As for colour tones it’s tempting to go neutral with small kitchens but having a block of colour can lift small spaces, while dark colours can also be really impactful. “Go for a bold tone for all the doors with a lighter contrasting material for countertops (or vice versa with a lighter door colour and dark countertop), and something eye catching such as textured metal for the handles,” suggests Henry.
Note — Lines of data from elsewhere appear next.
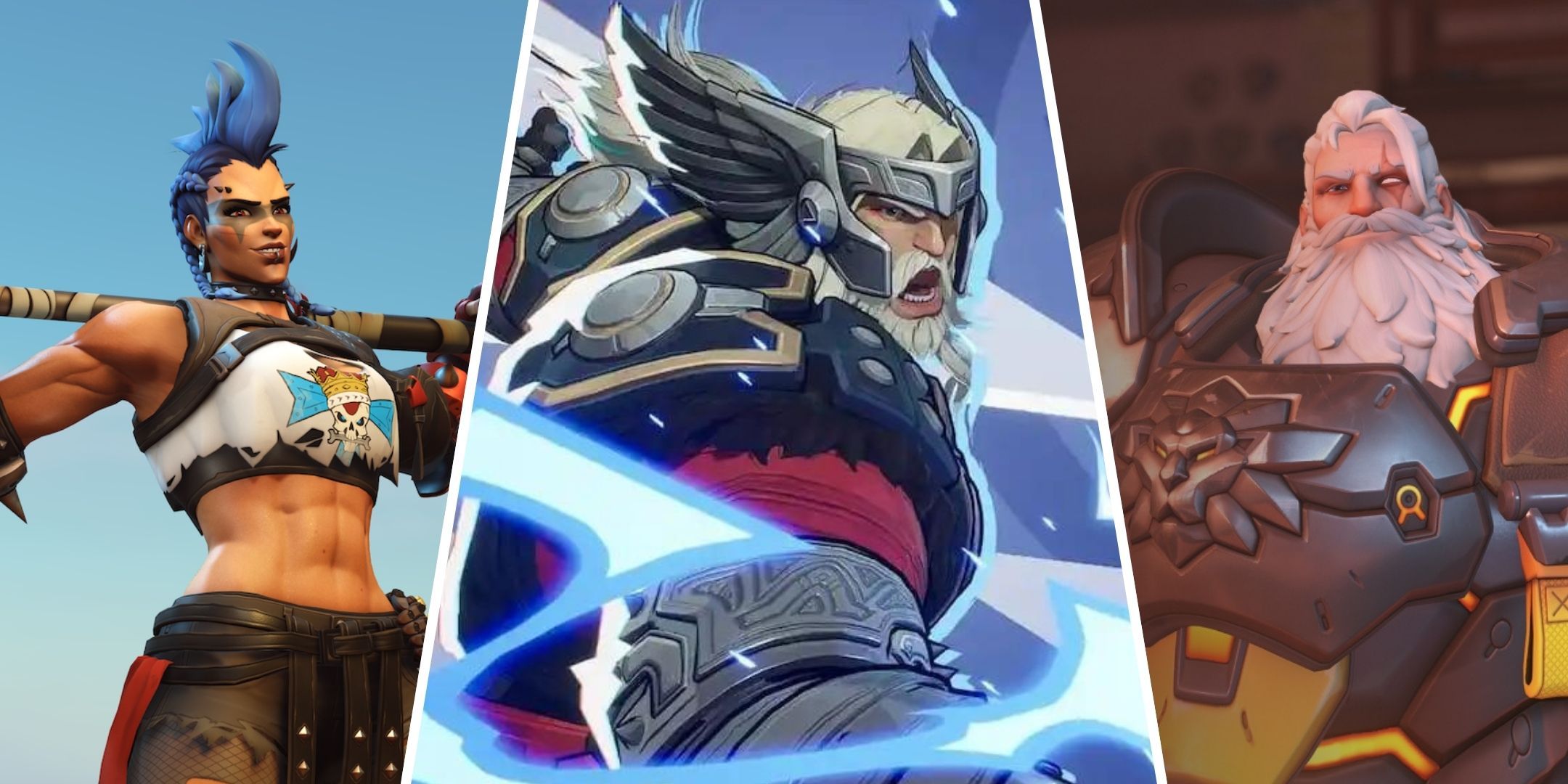 Marvel Rivals Thor between Overwatch 2's Junker Queen and Reinhardt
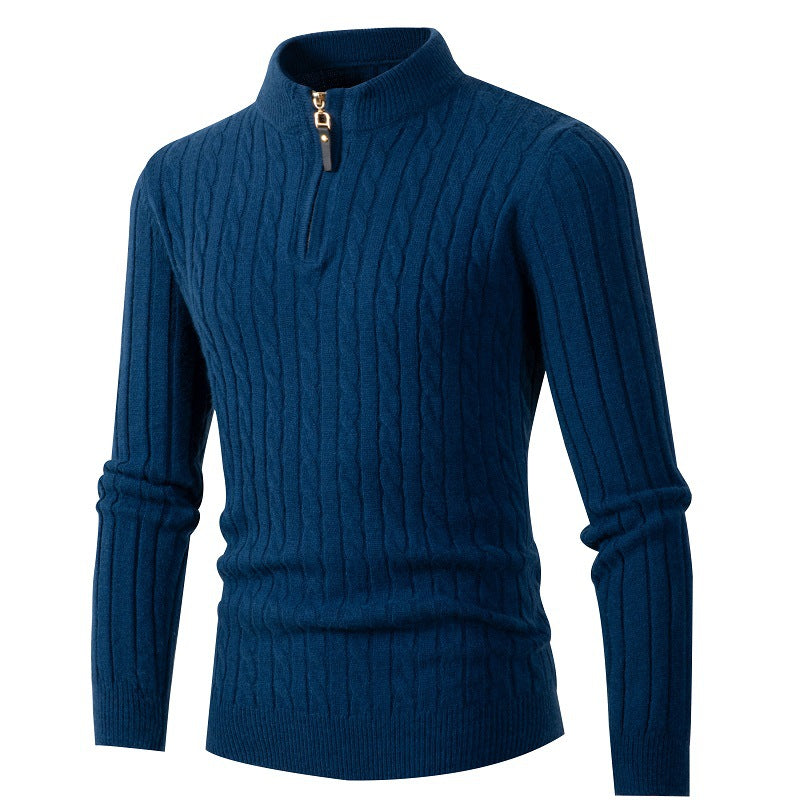 Men's Thickened Zipper Collar Long Sleeve Knit Sweater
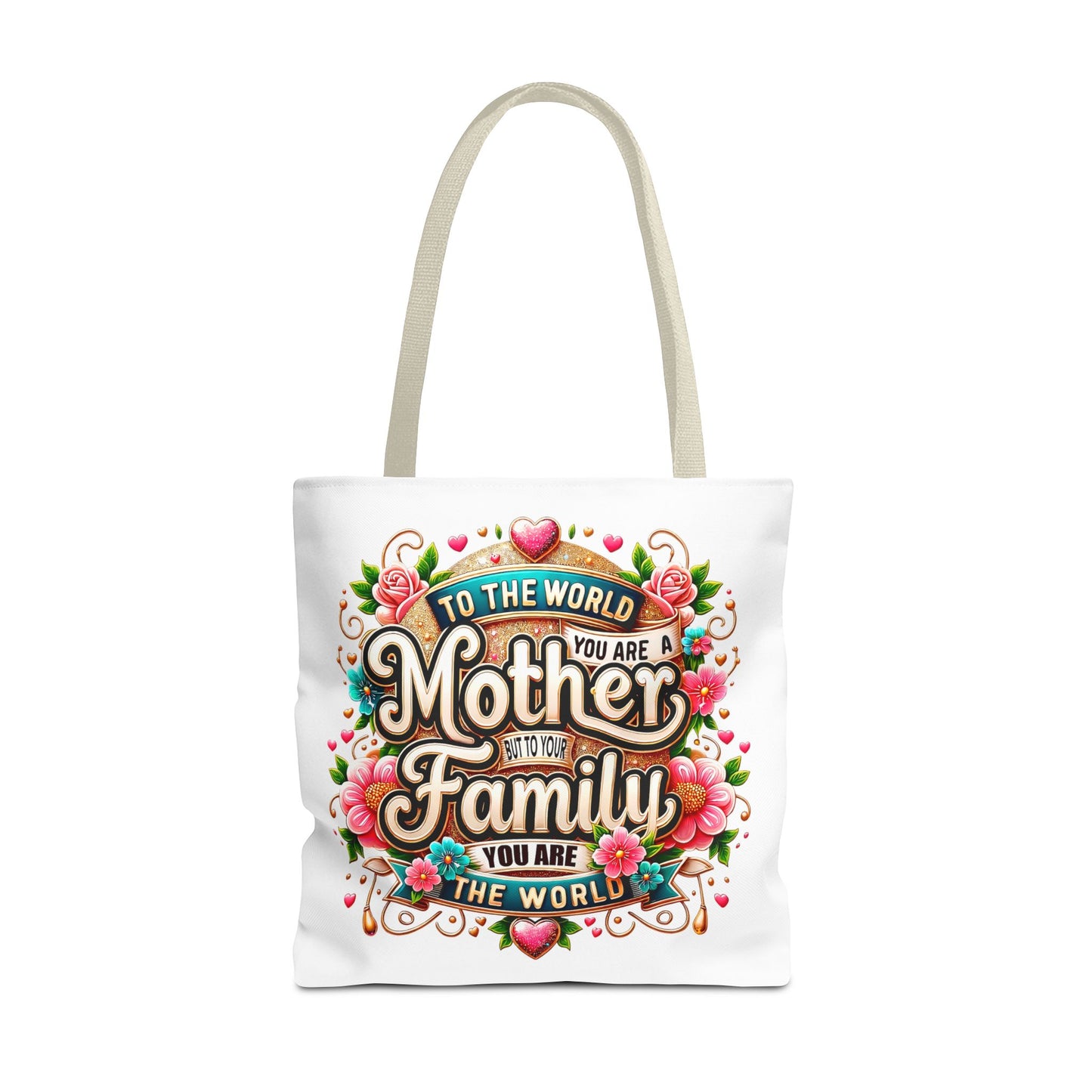 Mother & Family Floral Tote Bag — "To the world you are a Mother" Gift Tote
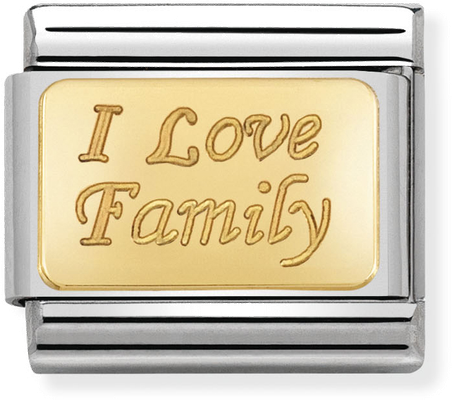 Nomination Classic ENGRAVED SIGNS In Stainless Steel With 18k Gold CUSTOM I Love Family Charm 030121/33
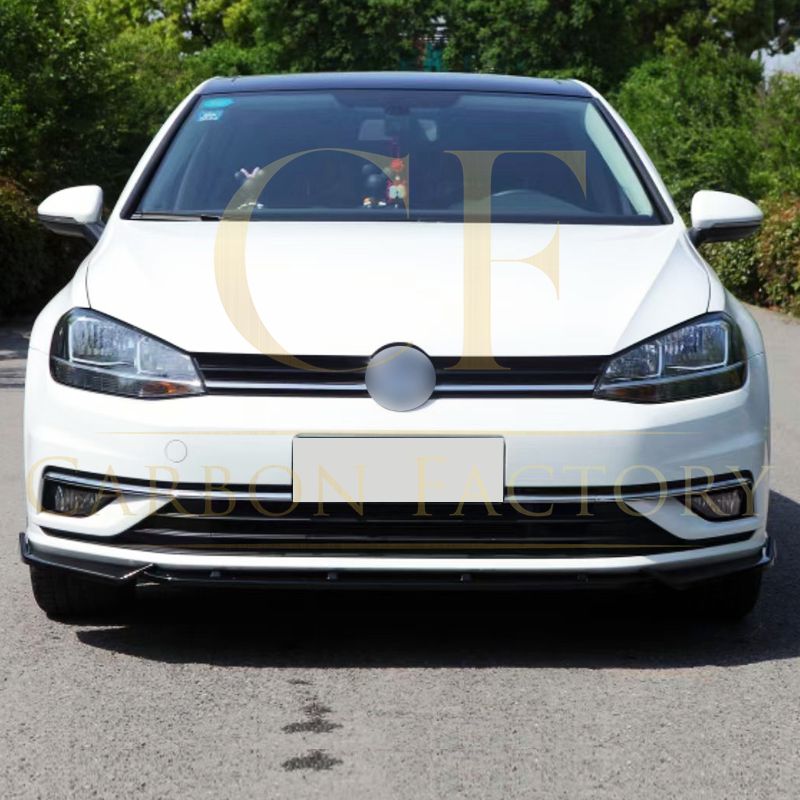 VW Golf MK7 MK7.5 Max Style Gloss Black Front Splitter 13-20 by Carbon Factory-Carbon Factory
Just be aware a single bold colour is fine, but too many bold colours or big patterns in a small space can be tricky to execute. “If you're looking to make an impact with colour then opt for tonality within a single colour pallete,” says Magnus. ‘And the same goes for materiality – don't go too wild, choose a few materials and introduce them in multiple places to tie the scheme together.”
Use Flooring To Give The Illusion Of More Space
If you are dealing with a long narrow galley-style kitchen, a great illusion can be running the floorboards left-right which makes the room feel much wider than doing the same lengthwise – equally, if the kitchen is literally in a corner of a dining/living space, have the same flooring throughout rather than zoning it and emphasising its size.
Make The Most Of The Finishes
Light reflective finishes will bounce natural light around a small space and make it instantly feel bigger. “For a recent project, we chose a light grey composite stone from Caesarstone, antiqued mirror panelling for behind the hob (which has the double value of being both glamorous and easy to clean) and polished nickel ironmongery and tapware,” explains Katharine. “It’s best to keep all metal finishes uniform in colour – nothing makes a space feel more cluttered than a mixture of competing finishes. Polished nickel handles sit beautifully with a stainless steel Rangemaster cooker and pretty wall lights with nickel detailing. While I love brass and bronze, in a smaller space I always feel the lighter and cooler tone of polished nickel or chrome feels sleeker and more spacious.”
Finally, keep window treatments on the simple side, too. “An unstructured roman blind is perfect, linen adds pretty texture, and a simple vertical stripe pattern always makes a smaller window appear more generous,” adds Katherine.